I have been a regular in Providence Family Court for over 20 years. I have watched hundreds, perhaps, thousands of nominal divorce hearings. I have represented clients in hundreds of such hearings in Providence Family Court. I have watched hundreds of default nominal cases.
RI divorce lawyer explains nominal divorce hearing
A default nominal trial is when the judge allows the nominal trial to go forward without the defendant present in Rhode Island Family Court.
The Plaintiff testifies at the nominal trial seeking a divorce by default. The defendant should have been properly served with the summons and complaint pursuant to RI law.
The defendant does not answer or appear. In order for the nominal hearing to move forward, more than 20 days must elapse since the service of process of the summons and complaint. At the end of the hearing, the judge awards an absolute divorce which is not finalized until final judgment enters.
Nominal divorce trial
In almost every default nominal plaintiff counsel asks their client the nearly same questions, almost like an automaton!

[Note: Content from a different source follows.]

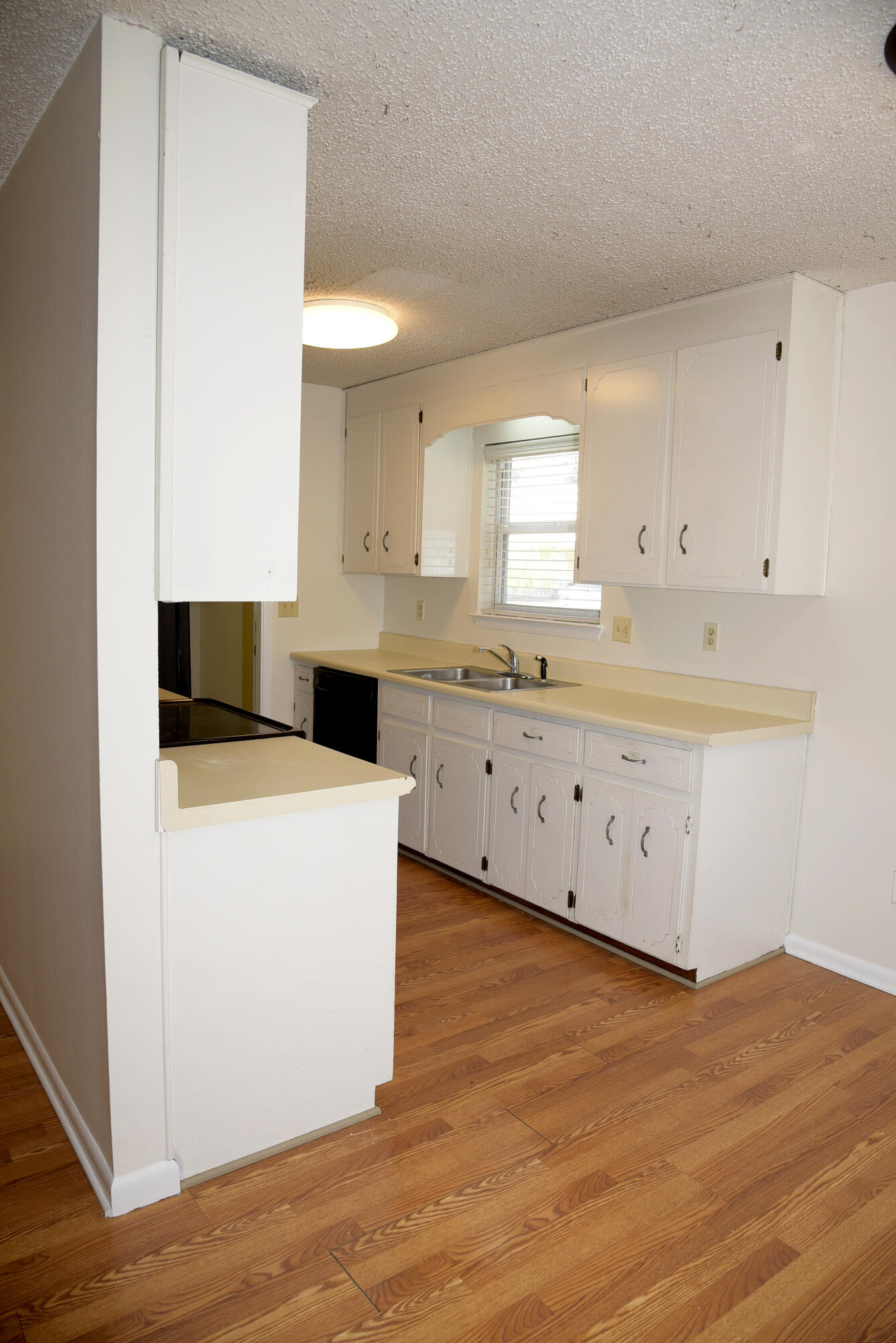 CREEKSIDE 2 - Residential Lease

How old are you? How is your health? What is your education level? What is your occupation? How much do you earn per week / month or year? Are you able to support yourself? Do you understand what spousal support is in RI? Do you understand that if you waive alimony today, it is permanent meaning you can never come back to this court or any court at any time in the future to get alimony? Are you asking this judge for permission to waive alimony permanently?
Waiver of Spousal support
For decades RI divorce lawyers have been asking their clients to waive spousal support in a default divorce
This is the way it has been done for time immemorial. I do this, other lawyers do this and judges expect this! It is done this way because it has always been done this way. Why is this done? Can someone tell me why? Can an old timer, matrimonial lawyer step to the plate and justify this? Can a judge force me to do this, if I do not want to play along? Is there a law, a justification or rationale for this? Can someone explain?
What is legal justification?
Is there a law, rule, administrative order, a justification/ rationale for this? There does appear to be lots of rationalizations but few justifications. Did this evolve over
the years based on some sort of culture in which judicial expediency took precedence over a RI divorce lawyer acting as zealous advocates for their clients?

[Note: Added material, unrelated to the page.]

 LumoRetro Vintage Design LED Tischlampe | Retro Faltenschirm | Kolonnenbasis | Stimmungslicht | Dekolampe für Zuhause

In other words is this done so that the Providence Family Court calendars do not get clogged by litigants coming back many years later requesting alimony when circumstances changed? Could this be an example of group think?
Wikipedia defines group think as: ” Group think is a psychological phenomenon that occurs within a group of people, in which the desire for harmony or conformity in the group results in an incorrect or deviant decision-making outcome. Group members try to minimize conflict and reach a consensus decision without critical evaluation of alternative ideas or viewpoints, and by isolating themselves from outside influences.”
Alimony in RI
It makes no sense for someone who is struggling financially to request to waive alimony permanently in a Rhode Island Default nominal divorce irrespective of a spouse ability to pay support.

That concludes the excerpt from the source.